Recently the firm has experienced a string of lawyer departures, including firm co-founder and name partner Gary LeClair, who jumped to Williams Mullen.

The firm said its dissolution committee is working with its lender to ensure continuity of client service. “LeClairRyan is committed to ensuring a seamless transition for clients,” the announcement said.

An arbitration panel report, issued in a gender bias lawsuit against the firm, detailed financial problems at LeClairRyan, according to Law360 coverage.

The report said LeClairRyan paid salaries to lawyers whose collections did not match their overhead; had a “raise culture” of unsustainable, automatic pay hikes; and withheld part of lawyers’ at-risk compensation after budget shortfalls. The firm missed budget goals for four years beginning in 2011, the report said. The report did not address partner finances after 2015.

The arbitration panel had awarded the gender bias plaintiff, Michele Burke Craddock, nearly $275,000 in back pay, $20,000 in emotional distress damages and more than $700,000 in attorney fees. A court has not yet confirmed the award.
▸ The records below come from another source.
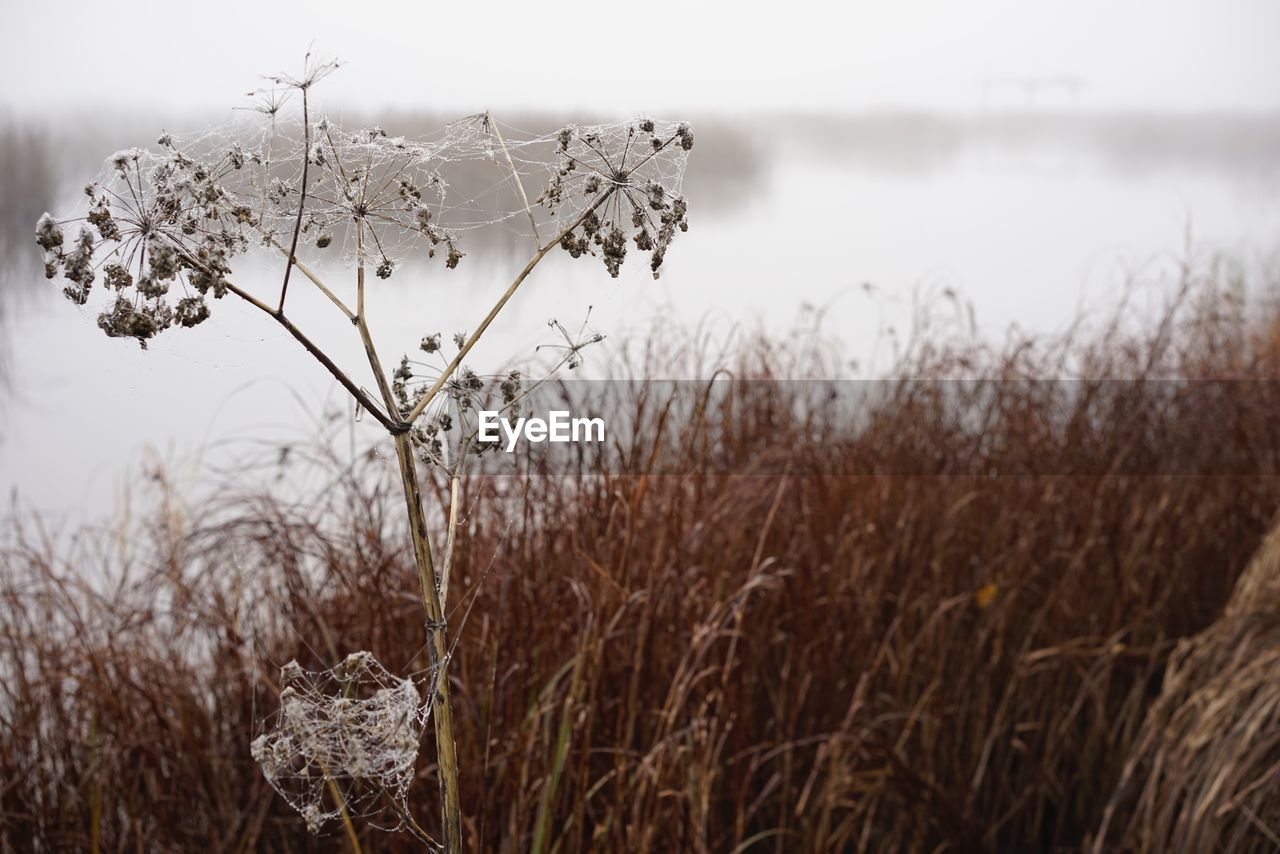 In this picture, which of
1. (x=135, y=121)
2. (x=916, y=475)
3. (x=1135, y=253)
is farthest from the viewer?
(x=1135, y=253)

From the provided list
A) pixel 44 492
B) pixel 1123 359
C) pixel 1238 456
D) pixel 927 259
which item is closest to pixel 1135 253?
pixel 927 259

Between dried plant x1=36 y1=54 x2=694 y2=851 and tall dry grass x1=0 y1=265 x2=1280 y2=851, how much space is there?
627 mm

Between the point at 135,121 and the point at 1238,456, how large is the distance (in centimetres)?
267

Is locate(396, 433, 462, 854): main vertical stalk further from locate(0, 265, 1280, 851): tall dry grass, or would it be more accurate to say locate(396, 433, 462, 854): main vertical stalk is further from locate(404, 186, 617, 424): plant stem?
locate(0, 265, 1280, 851): tall dry grass

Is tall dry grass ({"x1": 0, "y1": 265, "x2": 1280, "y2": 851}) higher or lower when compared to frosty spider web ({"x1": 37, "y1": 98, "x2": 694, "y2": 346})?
lower

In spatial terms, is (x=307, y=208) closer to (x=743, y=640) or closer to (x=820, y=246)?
(x=743, y=640)

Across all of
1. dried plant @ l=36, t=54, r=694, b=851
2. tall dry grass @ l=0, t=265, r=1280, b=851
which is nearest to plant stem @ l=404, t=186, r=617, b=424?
dried plant @ l=36, t=54, r=694, b=851

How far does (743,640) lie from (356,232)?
1291 mm

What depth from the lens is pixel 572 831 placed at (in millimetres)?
1298

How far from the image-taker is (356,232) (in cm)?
54

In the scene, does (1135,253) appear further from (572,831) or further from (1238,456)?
(572,831)

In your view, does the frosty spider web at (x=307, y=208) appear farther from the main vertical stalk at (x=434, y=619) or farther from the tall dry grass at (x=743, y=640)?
the tall dry grass at (x=743, y=640)

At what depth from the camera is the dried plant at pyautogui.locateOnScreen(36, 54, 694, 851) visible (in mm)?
463

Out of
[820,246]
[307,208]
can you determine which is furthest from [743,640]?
[820,246] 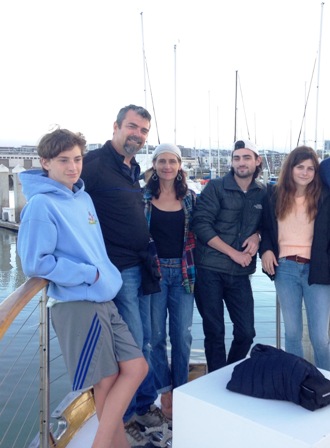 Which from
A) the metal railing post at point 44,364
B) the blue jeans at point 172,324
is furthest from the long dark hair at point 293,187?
the metal railing post at point 44,364

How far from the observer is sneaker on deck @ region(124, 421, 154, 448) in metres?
2.85

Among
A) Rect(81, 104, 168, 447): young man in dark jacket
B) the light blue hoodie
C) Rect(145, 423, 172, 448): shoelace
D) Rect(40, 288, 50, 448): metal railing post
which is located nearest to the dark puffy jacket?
Rect(81, 104, 168, 447): young man in dark jacket

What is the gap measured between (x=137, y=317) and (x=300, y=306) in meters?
1.01

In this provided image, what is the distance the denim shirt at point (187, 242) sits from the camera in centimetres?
306

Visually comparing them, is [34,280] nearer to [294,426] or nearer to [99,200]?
[99,200]

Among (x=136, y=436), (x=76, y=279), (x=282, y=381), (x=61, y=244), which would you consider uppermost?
(x=61, y=244)

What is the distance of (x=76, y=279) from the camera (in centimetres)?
219

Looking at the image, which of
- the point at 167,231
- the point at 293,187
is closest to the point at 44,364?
the point at 167,231

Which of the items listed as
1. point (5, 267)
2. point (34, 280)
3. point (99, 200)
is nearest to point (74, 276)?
point (34, 280)

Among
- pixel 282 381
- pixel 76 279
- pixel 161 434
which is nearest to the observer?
pixel 282 381

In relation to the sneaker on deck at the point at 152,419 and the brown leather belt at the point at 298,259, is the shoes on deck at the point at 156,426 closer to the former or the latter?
the sneaker on deck at the point at 152,419

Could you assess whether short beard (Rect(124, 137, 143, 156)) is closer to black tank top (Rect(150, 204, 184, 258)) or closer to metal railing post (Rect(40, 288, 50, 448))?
→ black tank top (Rect(150, 204, 184, 258))

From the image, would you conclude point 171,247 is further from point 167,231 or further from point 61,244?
point 61,244

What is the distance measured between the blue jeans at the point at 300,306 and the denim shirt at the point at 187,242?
53 cm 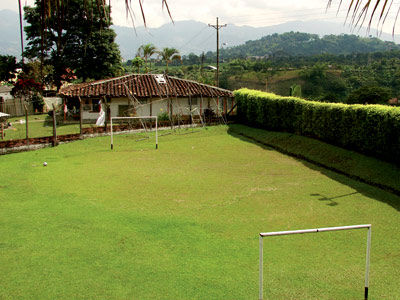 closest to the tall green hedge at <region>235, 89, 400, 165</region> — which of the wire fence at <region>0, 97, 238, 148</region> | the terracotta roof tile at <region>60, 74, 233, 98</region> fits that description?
the wire fence at <region>0, 97, 238, 148</region>

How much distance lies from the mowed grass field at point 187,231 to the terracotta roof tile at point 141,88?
13.4m

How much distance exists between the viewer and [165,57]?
50719 mm

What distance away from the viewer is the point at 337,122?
737 inches

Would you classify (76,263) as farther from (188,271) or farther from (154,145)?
(154,145)

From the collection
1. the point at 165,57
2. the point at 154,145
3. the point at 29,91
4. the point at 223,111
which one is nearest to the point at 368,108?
the point at 154,145

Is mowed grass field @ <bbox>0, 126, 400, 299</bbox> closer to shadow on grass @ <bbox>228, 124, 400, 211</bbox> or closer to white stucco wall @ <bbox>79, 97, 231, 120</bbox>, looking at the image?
shadow on grass @ <bbox>228, 124, 400, 211</bbox>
Law360 also obtained a letter from LeClairRyan’s general counsel that said so many equity partners had left the firm that it was deferring return of their capital contributions. The firm’s lender said in February that payouts needed to be withheld as a result of loan covenants governing the firm’s leverage ratio, the letter said.

Many former partners told Law360 they didn’t expect to receive return of capital.

LeClairRyan also faces a second gender bias lawsuit, filed by marketing professional Marci Keatts, who says she was paid less than a male colleague, even after she supervised him after a promotion.

Keatts was among more than 300 nonlawyer employees of LeClairRyan who were transferred last year to ULX Partners, a company created as part of a joint venture with alternative service provider UnitedLex. The employees were then leased back to LeClairRyan.

LeClairRyan is contending with yet another lawsuit, according to the Times-Dispatch. The founder of a blood testing company that has since closed, Health Diagnostic Laboratory., claims the law firm’s bad legal advice contributed to the company’s bankruptcy. LeClairRyan is seeking dismissal of the $150 million suit.

The American Lawyer spoke with Bill Brandt, a law firm restructuring expert, who said other midsize law firms may also be struggling.

Law firms about the same size as LeClairRyan—those with about 200 partners—“are very vulnerable right now,” he said. Such firms don’t have the geographic range and practice base to pull in lot of clients, but they can’t manage themselves like a boutique, he told the American Lawyer.